Damn my titles are getting weaker (2nd place: Wherefore I Heart Thou?); I feel like the crazy grandfather elbowing you for a laugh.

Have you ever had that odd, seemingly unique NYC experience of running into an acquaintance or seeing the same stranger on the street at two different times in the same day? Have you ever taken a break from your busy city-brain to ponder the coincidental or possibly cosmic ramifications of that event on your life? If not, then I ask you to stop reading this review, do not go see I Heart Huckabees and click on the following for entertainment: www.hilaryduff.com. For the rest of you (and me), we all have something in common with Albert Markovski (Jason Schwartzman) in David O. Russel's (Three Kings, Flirting With Disaster) sugarhigh-paced, ironic, what-does-it-all-mean funfest I Heart Huckabees.

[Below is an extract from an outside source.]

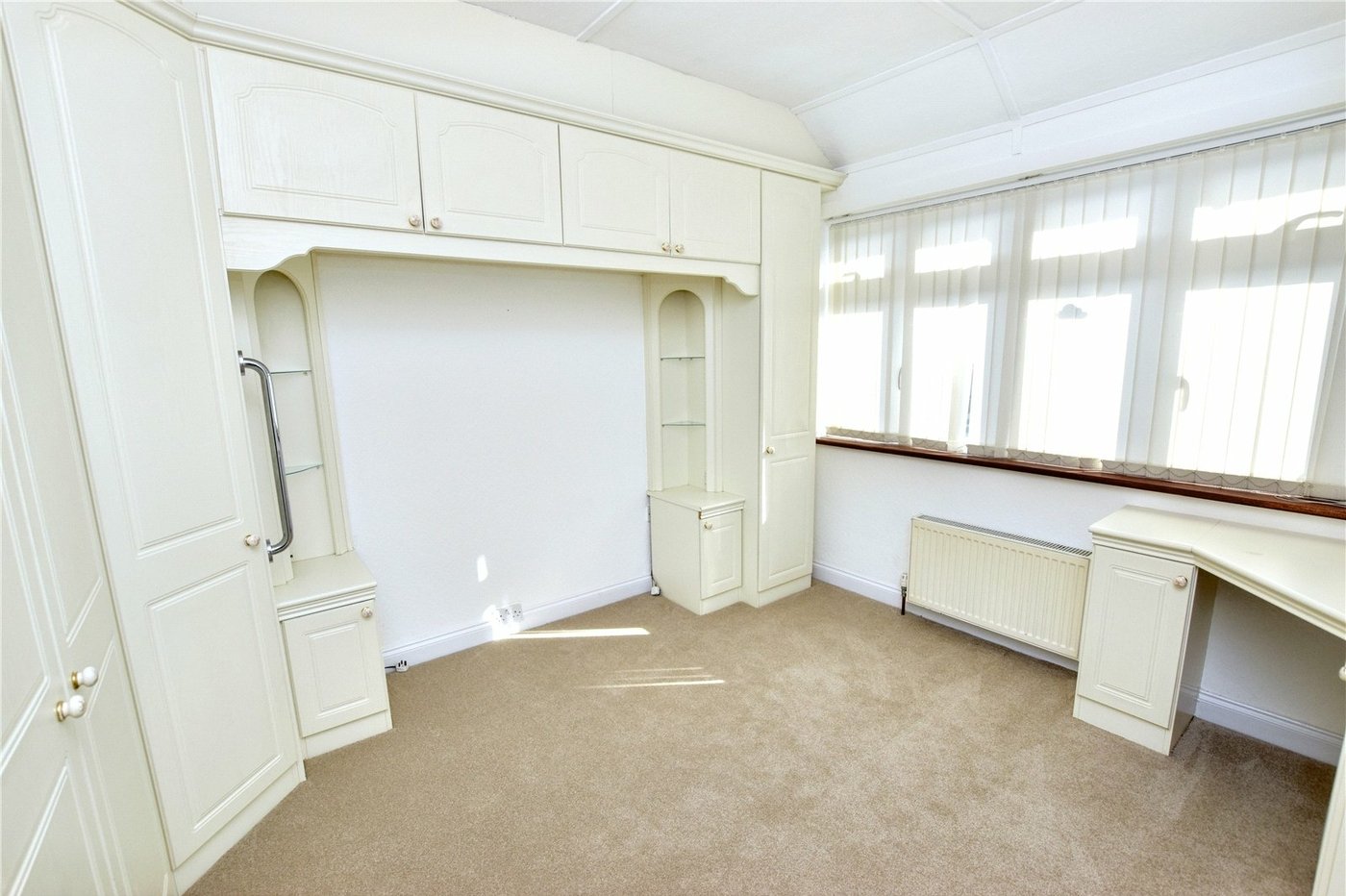 2 bedroom bungalow for sale in Bexleyheath | Robinson Jackson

Albert, a loner environmentalist social misfit, seeks the help of an Existential Detective (!) husband and wife team, Vivian and Bernard (Lily Tomlin, Dustin Hoffman), to help him explain his coincidence of running into the same Sudanese man three times over a short period. Vivian and Bernard feel these coincidences have a lot to do with the main stress in Albert's life; the proposed linking of his environmentalist non-profit company, Open Spaces, with the franchised Huckabees department store, faced by souless corporate mongering, always-on-my-A-game Brad Stand (Jude Law). Tommy (Mark Wahlberg), another Vivian and Albert "case" is soon assigned as Albert's "other" (think of it like an AA "buddy") and the two become friends, cohorts and co-miserables. Dawn Campbell (Naomi Watts) is Brad's girlfriend and the pixie-modeled commercial face of Huckabees. Oh! And noted French actress Isabelle Huppert plays Catherine Vauban, the yin to Vivian and Bernard's yang, a more decidedly bleak Existential Detective, who tries to bring Albert over to her "darker" side.

Caught up? Breathing still? Take a sec. Good. Let's go on.

What I love about the film is that it squeezes and throws a lot at you politically, religiously and philosophically for its 106 minutes, often in a pastiche of Altman-esque overlapping dialogue, without ever leaving you overloaded or feeling patronized. It is a film of opposites and transformations. As it unspools, many uniquely-American conflicts play out: "Surburban Sprawl" vs. environmentalism; Catchphrase-teenaged & celebrity obsessed-logo driven short attention span-ism (whew!) vs. poetry, Kafka and philosophy; motor-mouthed corporate personality vs. quiet, sensitive soul. These conflicts and opposites are personified in Albert and Brad, extremely different people...or are they? Many of the main characters exposed to these Detectives go through a life transformation of sorts, most interestingly is Dawn Campbell's (Watt's character) transformation from an overexposed, brainless, one-dimensional model to what is, in the film, referred to as an "Amish Bag-Lady," the exact literal and figurative opposite of her original and Huckabee's total image.

While the film's ironic tone may not lend an automatic gooey emotional center, there is much, especially in Schwartzman's Albert, that can be identified with on a personal level by a tuned-in audience. After all, at the end of the day, wouldn't we all want the ability to seek out a "Detective" who can help us with the greater questions of the purpose and meaning of our own lives? Are we not, in the big picture both consumers at strip malls and advocates of the environment? Or victims of short-attention span filled television and advertising and lovers poetry and art? Are we not participants in both the sad human drama and moments of silly, spontaneous "pure being?" Aren't we sometimes talktative, funny, aggressive and "on our games" and other times lonely, sad and pained?

I Heart Huckabees is the kind of film that, I predict, will grow in acclaim as the years pass and as today's twenty-somethings (whom I think this film would have a greater appeal to) grow older and into a greater position in our country's intellecutual cultural elite. Without a doubt, it is already the kind of film that will greatly reward you upon successive viewings, the way only a truly excellent film can. Therefore, I highly recommend you experience that unique coincidence of running into the movie at your local 'plex now and at your DVD player down the road.